Omit the images, then output each of the records below exactly.

§ Captioned web image data
====================

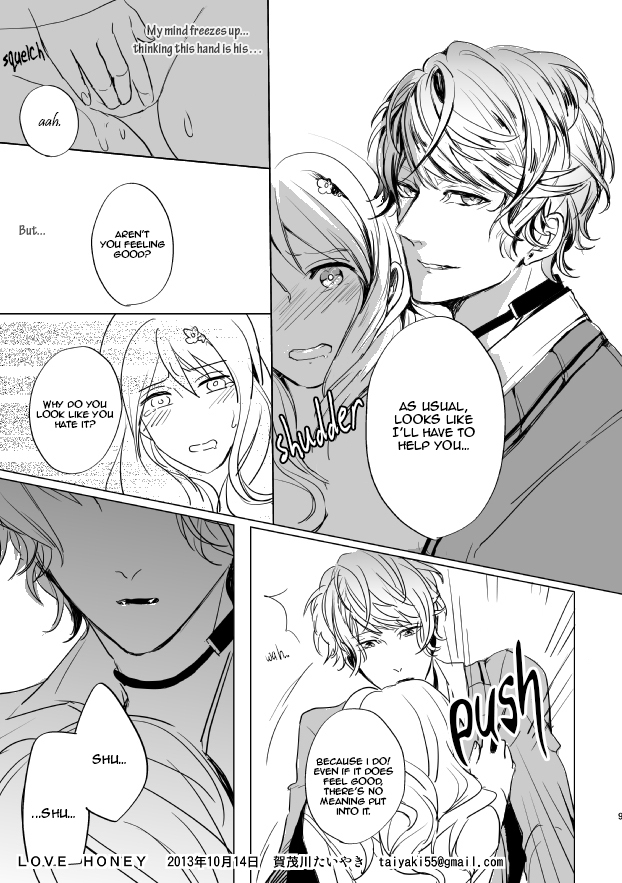 [Aishiteru. (Kamogawa Taiyaki)] LOVE HONEY (DIABOLIK LOVERS) [English] [Akui Chansera] page 9 full
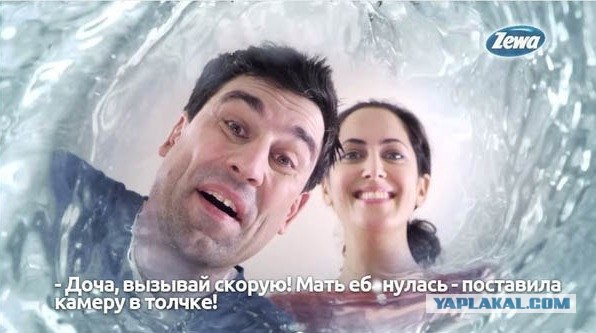 Как гадить на природе (инструкция)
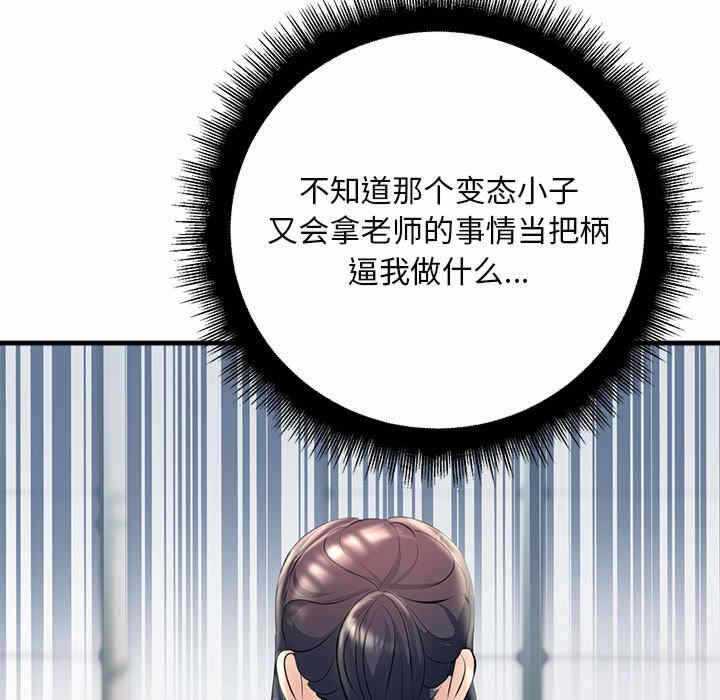 第146张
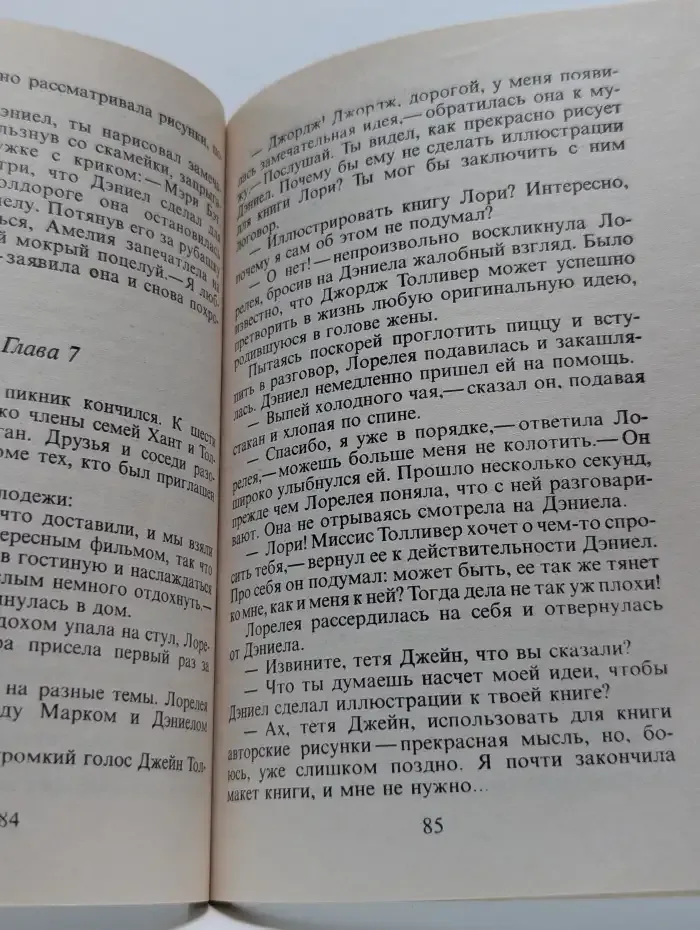 Встреча с судьбой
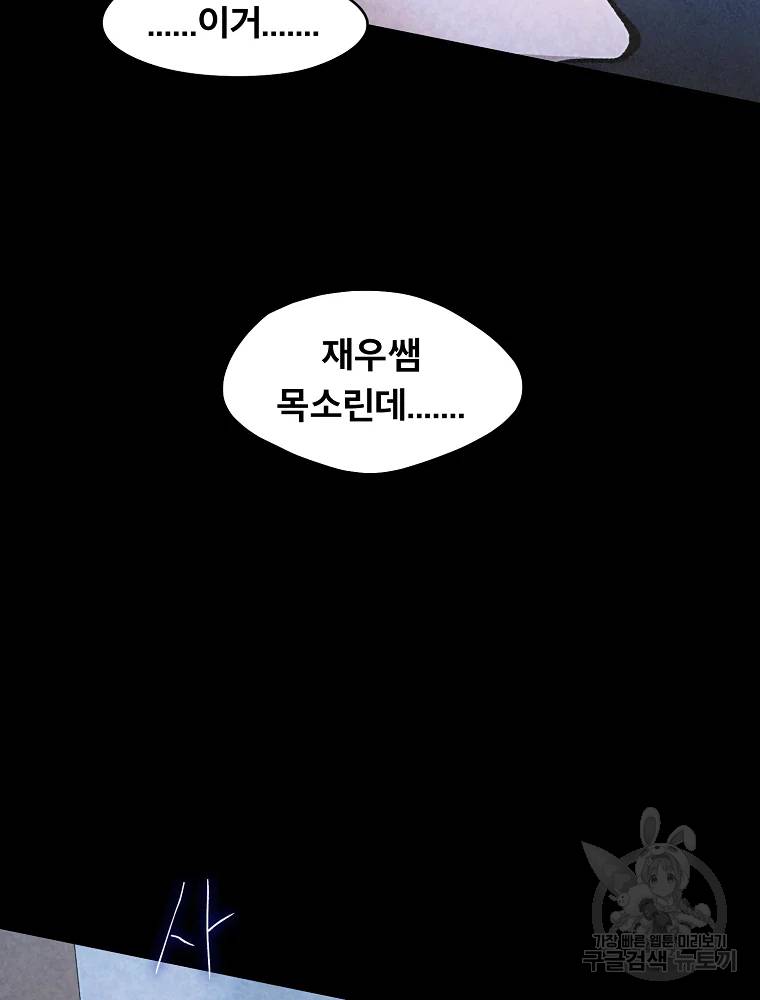 그 아해 28화 61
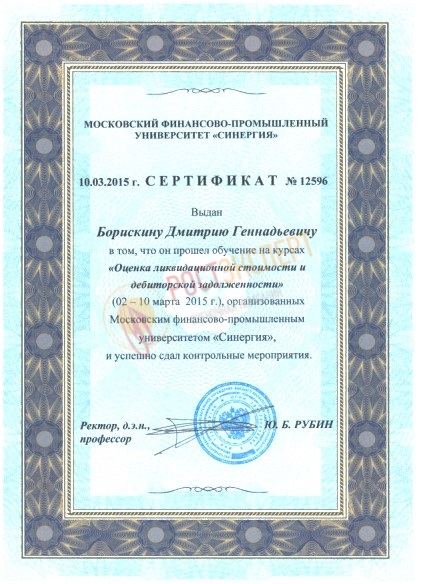 Оценка ликвидационной стоимости и задолженности дебиторов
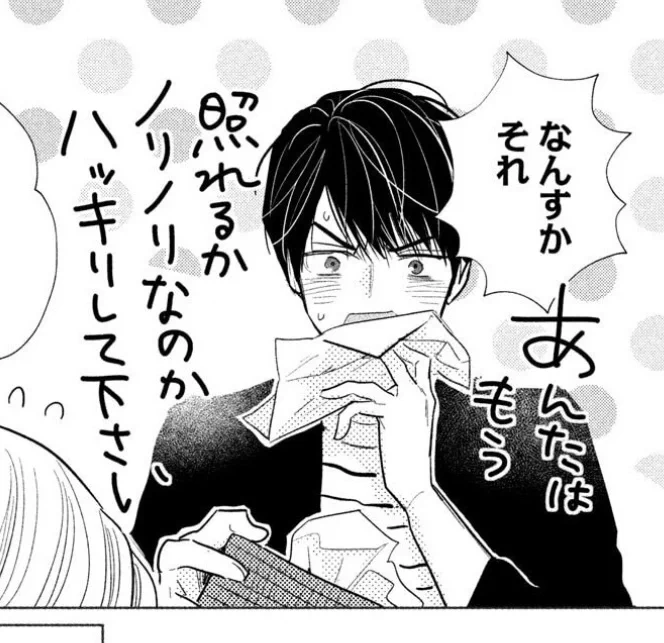 感想リプたくさんありがとうございます…!!
私はまた指が6本になった絵があって
地味に落ち込んでます。いつまでやるのこれ?

個人的お気に入りコマです。 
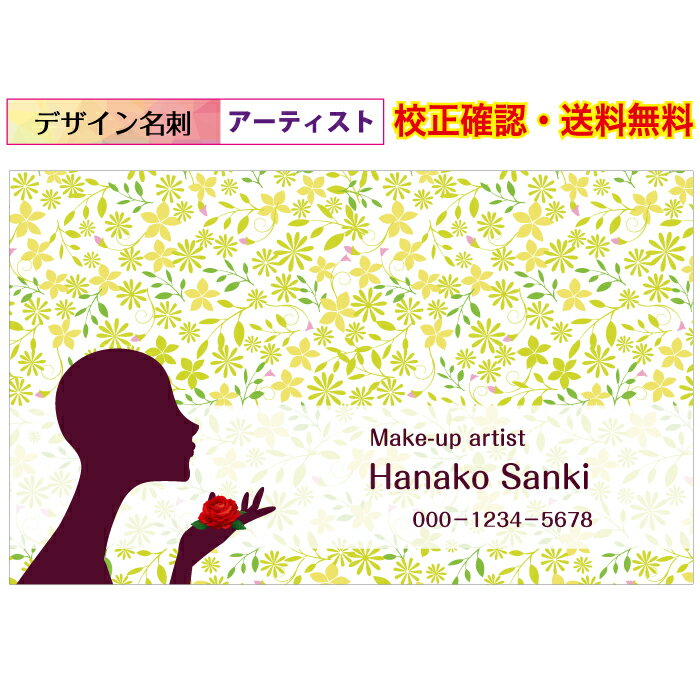 『名刺 印刷』 ショップカード かわいい フラワー 名刺 作成 女性 イメージ校正無料 メール便 送料無料 100枚 データ保障あり 用紙が選べる デザイン名刺...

====================

§ Exercise response
 [Aishiteru. (Kamogawa Taiyaki)] LOVE HONEY (DIABOLIK LOVERS) [English] [Akui Chansera] page 9 full
 Как гадить на природе (инструкция)
 第146张
 Встреча с судьбой
 그 아해 28화 61
 Оценка ликвидационной стоимости и задолженности дебиторов
 感想リプたくさんありがとうございます…!!
私はまた指が6本になった絵があって
地味に落ち込んでます。いつまでやるのこれ?

個人的お気に入りコマです。 
 『名刺 印刷』 ショップカード かわいい フラワー 名刺 作成 女性 イメージ校正無料 メール便 送料無料 100枚 データ保障あり 用紙が選べる デザイン名刺...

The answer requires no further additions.